Projected Impact on European and Global Markets
If passed into law, the EU Inc. is projected to structurally alter the landscape of continental venture capital, corporate structuring, and industrial relations:
- Eradicating the "Invisible Tariff": By standardising the legal architecture for mergers, acquisitions, capital injections, and secondary transfers, the regime is projected to generate up to 440 million euros in administrative savings over its first decade. Institutional investors would be able to deploy identical investment documentation across all Member States, drastically reducing legal due diligence costs and accelerating cross-border scaling.
- Stakeholder Polarisation: The aggressive market liberalisation of the framework has triggered a fierce political economy debate. While the venture capital and tech ecosystems heavily endorse the regime, the European Trade Union Confederation (ETUC) has expressed concerns regarding regulatory arbitrage. They warn that companies could exploit the freedom of establishment to bypass national collective bargaining agreements. Similarly, traditional civil-law notaries, who benefit from infamously bureucratic incorporation processes in countries like Germany, have warned that removing ex-ante notarial checks may increase exposure to shell companies.

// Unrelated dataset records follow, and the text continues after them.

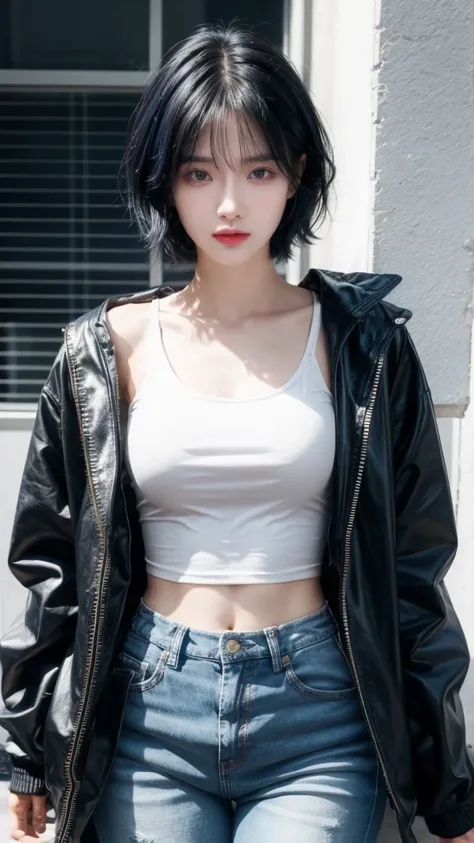 best quality, 1 Girl, dark blue hair, black eyes, Very short hair, Spiky hair, t-shirt, jacket , High waist jeans, 171 cm, Messy hair, Hair between the eyes, Medium breasts, full, Tomboy, aldult, 20 years old, 1 Girl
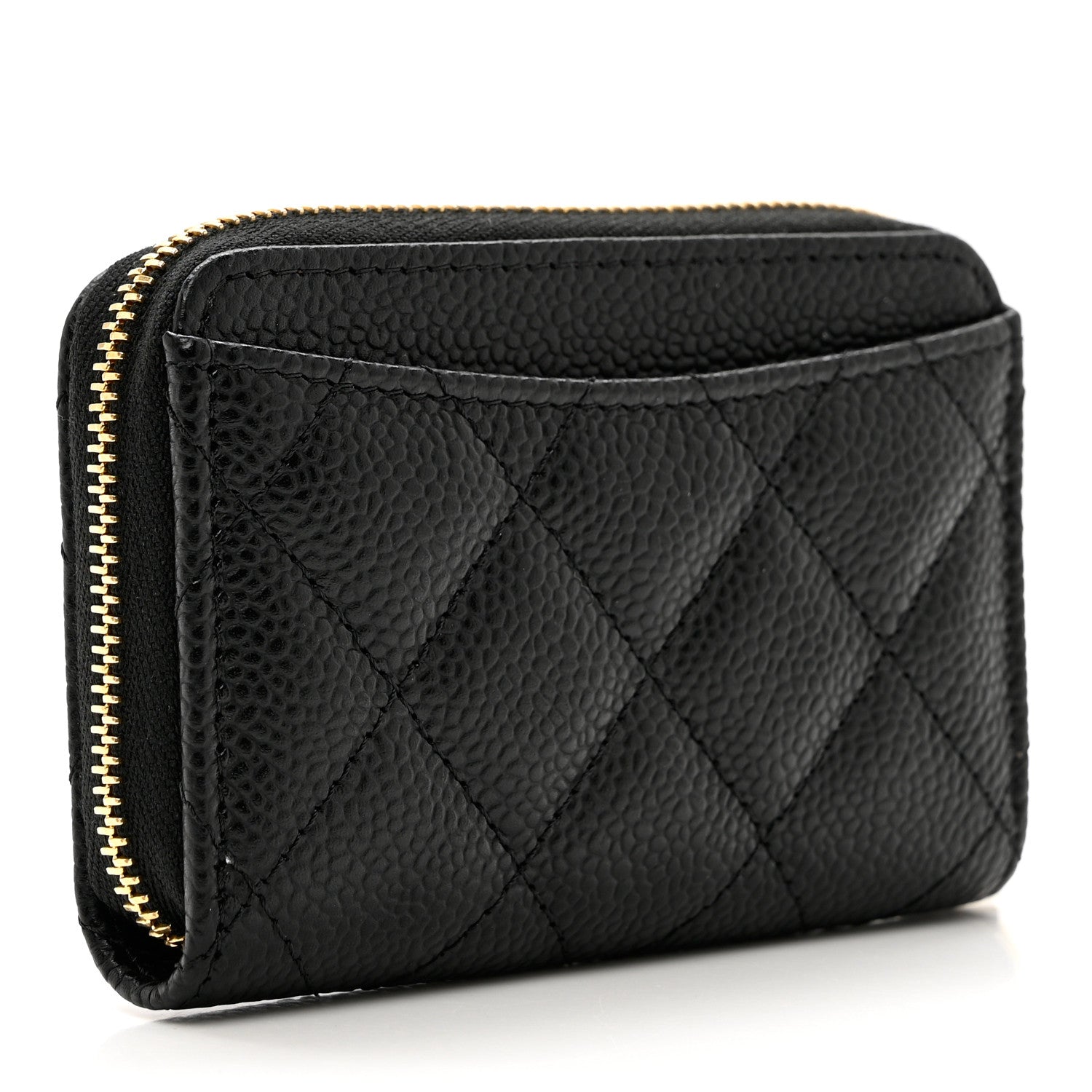 Chanel Caviar Quilted Zip Coin Purse Black 3 of 7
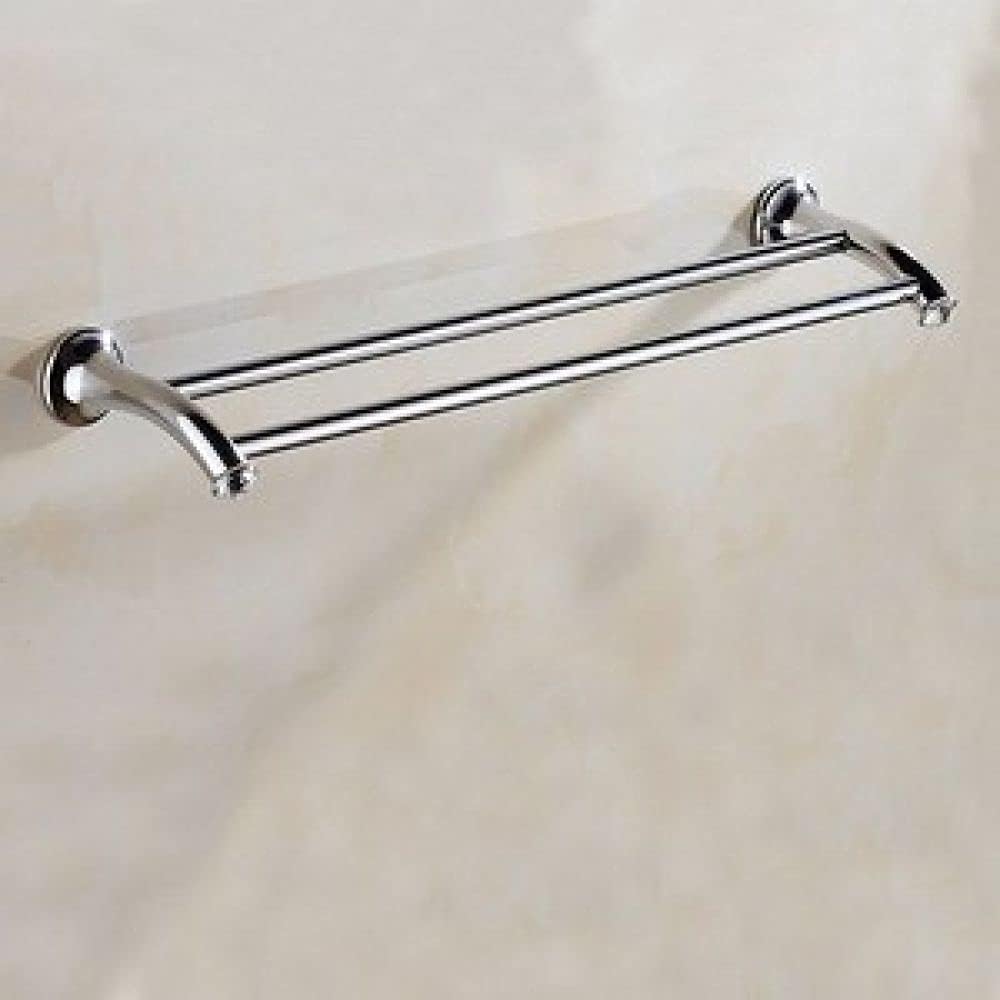 Chrome Plated Double Towel Bar Bathroom Accessories - Modern Wall-Mounted Towel Rack, Robe Hook, Soap Basket(Double Towel Bar)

- The "Article 4" Vulnerability: Legal scholars caution that the proposed 28th regime may not be a flawless "single rulebook." Under Article 4 of the draft regulation, any legal matters not explicitly covered by the EU Inc. framework fall back onto the national law of the Member State where the company is registered. Critics argue this referral mechanism risks fracturing the EU Inc. into 27 slightly varied national sub-regimes, meaning investors must still account for localised legal nuances in dispute resolution and creditor rights.
Current Legal Status and Expected Timeline
The 28th regime is currently pending legislation and has not yet been passed into law.
- Formally Proposed: The European Commission officially presented the draft proposal for the "EU Inc" Regulation on March 18, 2026.
- Politically Endorsed: On March 20, 2026, EU leaders at the European Council gave the proposal their political backing, marking it as a priority for the "One Europe, One Market" agenda.
- Legislative Phase: It is currently entering the Ordinary Legislative Procedure. This means the European Parliament and the Council of the EU (member state governments) are now actively negotiating the final text.
- Expected Timeline: The Commission is pushing for an aggressive timeline, aiming to have the regime adopted by the end of 2026. If the legislative process stays on track, the first "EU Inc" companies could be officially registered in early 2027.